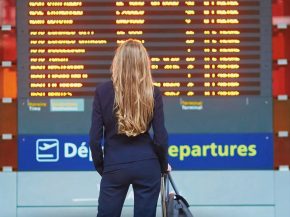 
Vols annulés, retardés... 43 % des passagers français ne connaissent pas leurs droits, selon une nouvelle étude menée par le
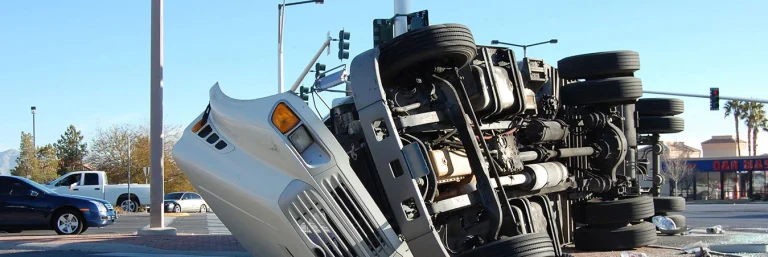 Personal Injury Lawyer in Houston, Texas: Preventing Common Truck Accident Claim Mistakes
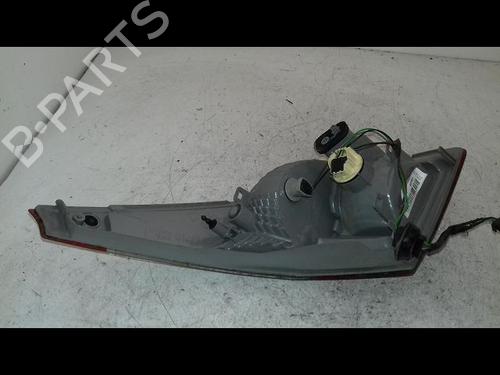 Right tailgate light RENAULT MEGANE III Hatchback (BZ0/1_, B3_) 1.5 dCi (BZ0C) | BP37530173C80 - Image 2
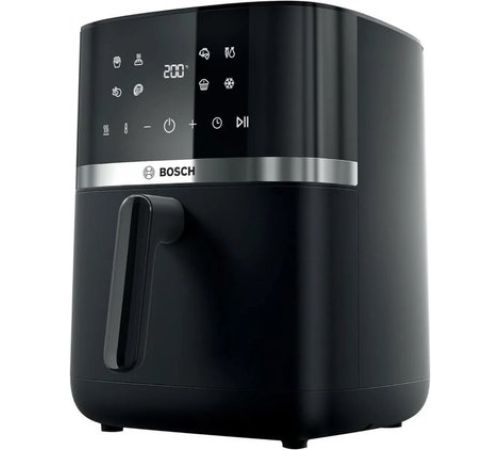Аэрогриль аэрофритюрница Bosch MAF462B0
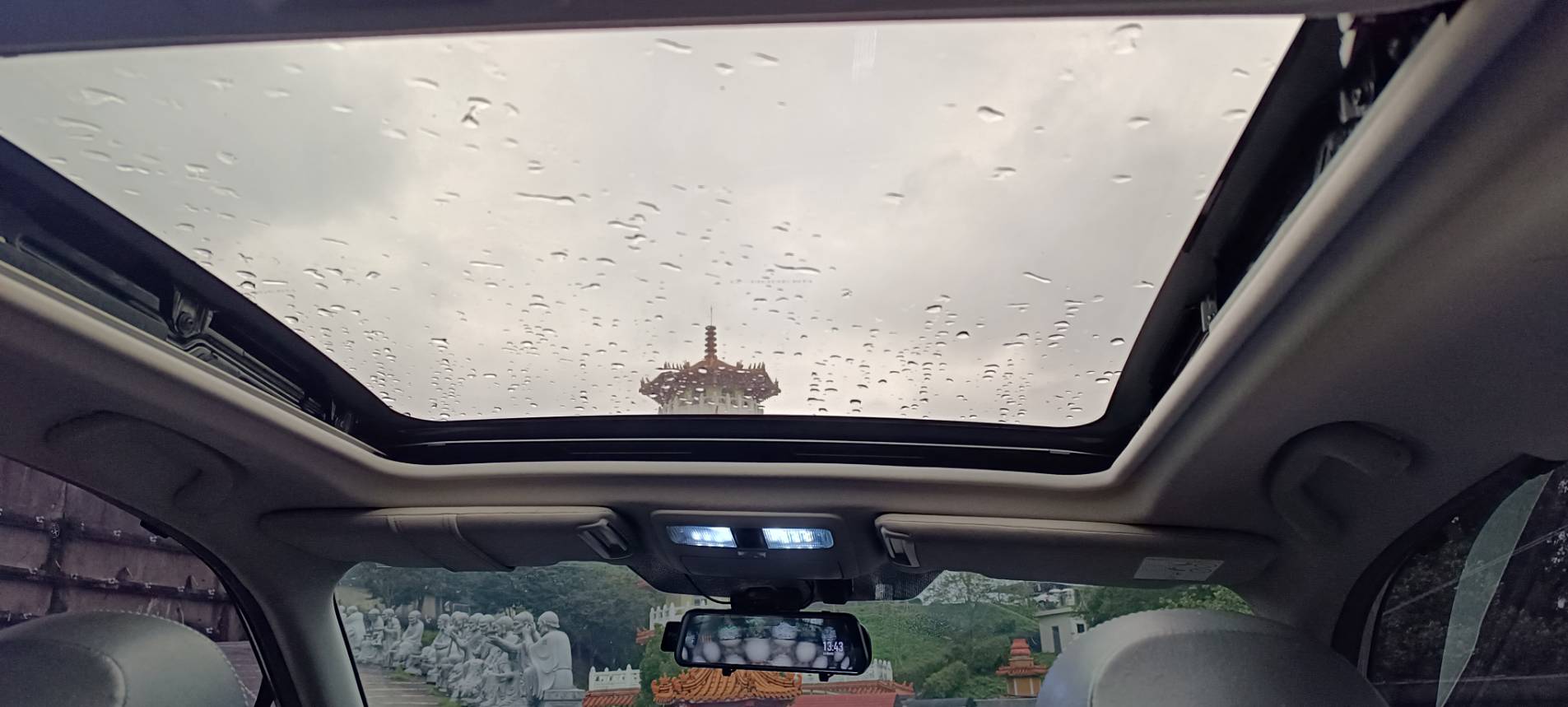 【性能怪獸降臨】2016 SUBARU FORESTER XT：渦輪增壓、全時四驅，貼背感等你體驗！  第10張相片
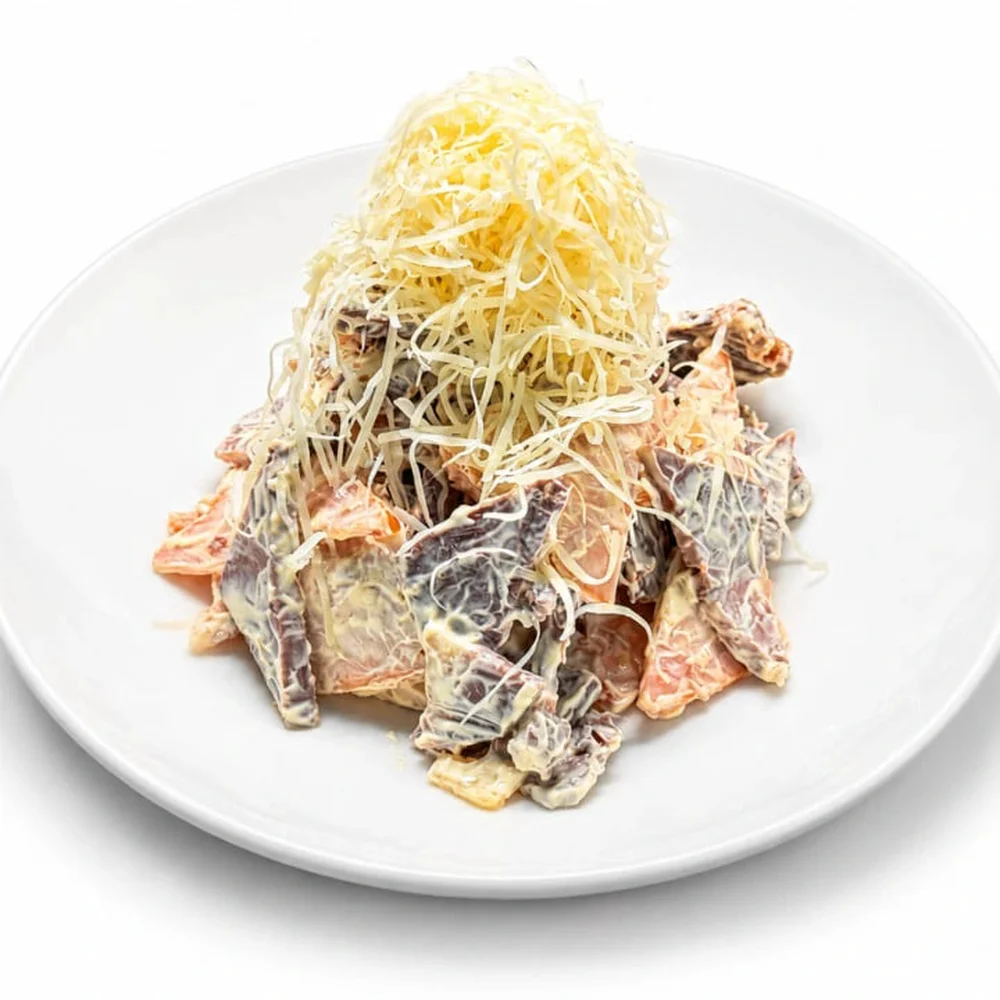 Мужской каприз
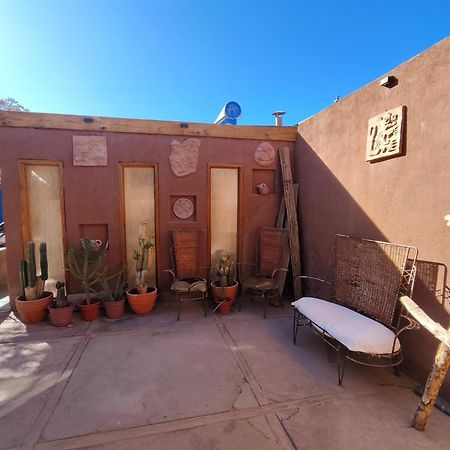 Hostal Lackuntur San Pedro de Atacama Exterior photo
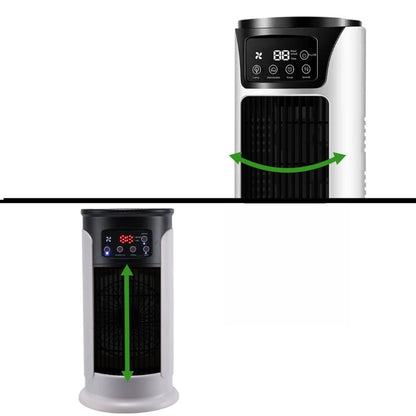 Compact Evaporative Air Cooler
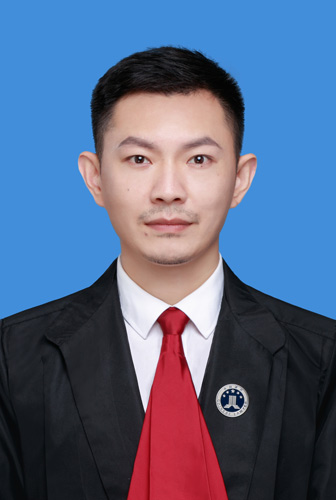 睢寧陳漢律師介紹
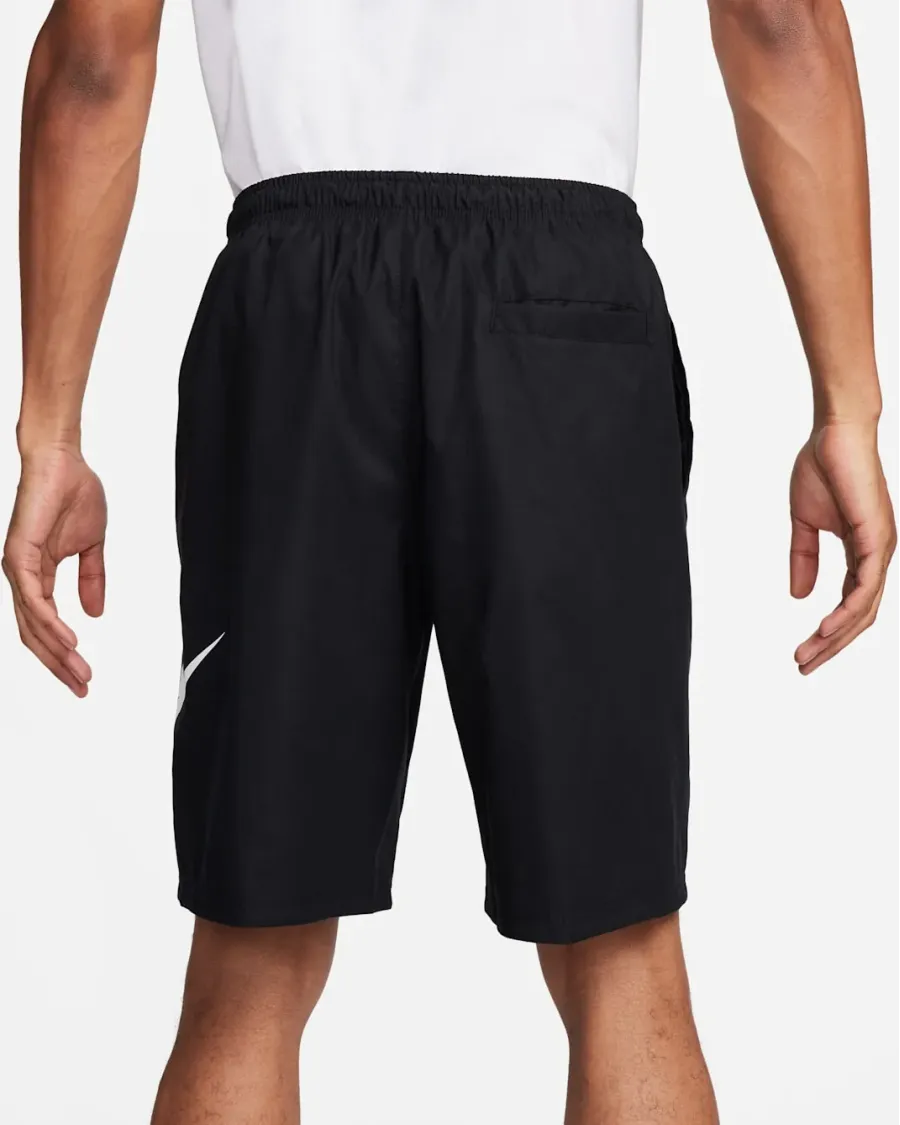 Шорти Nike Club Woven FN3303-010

______________________________

◆ EXERCISE DETAILS
From the line containing "Right tailgate light" through the last line of the records above, reproduce every line exactly, leaving out the pictures.

◆ ANSWER SPACE
 Right tailgate light RENAULT MEGANE III Hatchback (BZ0/1_, B3_) 1.5 dCi (BZ0C) | BP37530173C80 - Image 2
Аэрогриль аэрофритюрница Bosch MAF462B0
 【性能怪獸降臨】2016 SUBARU FORESTER XT：渦輪增壓、全時四驅，貼背感等你體驗！  第10張相片
 Мужской каприз
 Hostal Lackuntur San Pedro de Atacama Exterior photo
 Compact Evaporative Air Cooler
 睢寧陳漢律師介紹
 Шорти Nike Club Woven FN3303-010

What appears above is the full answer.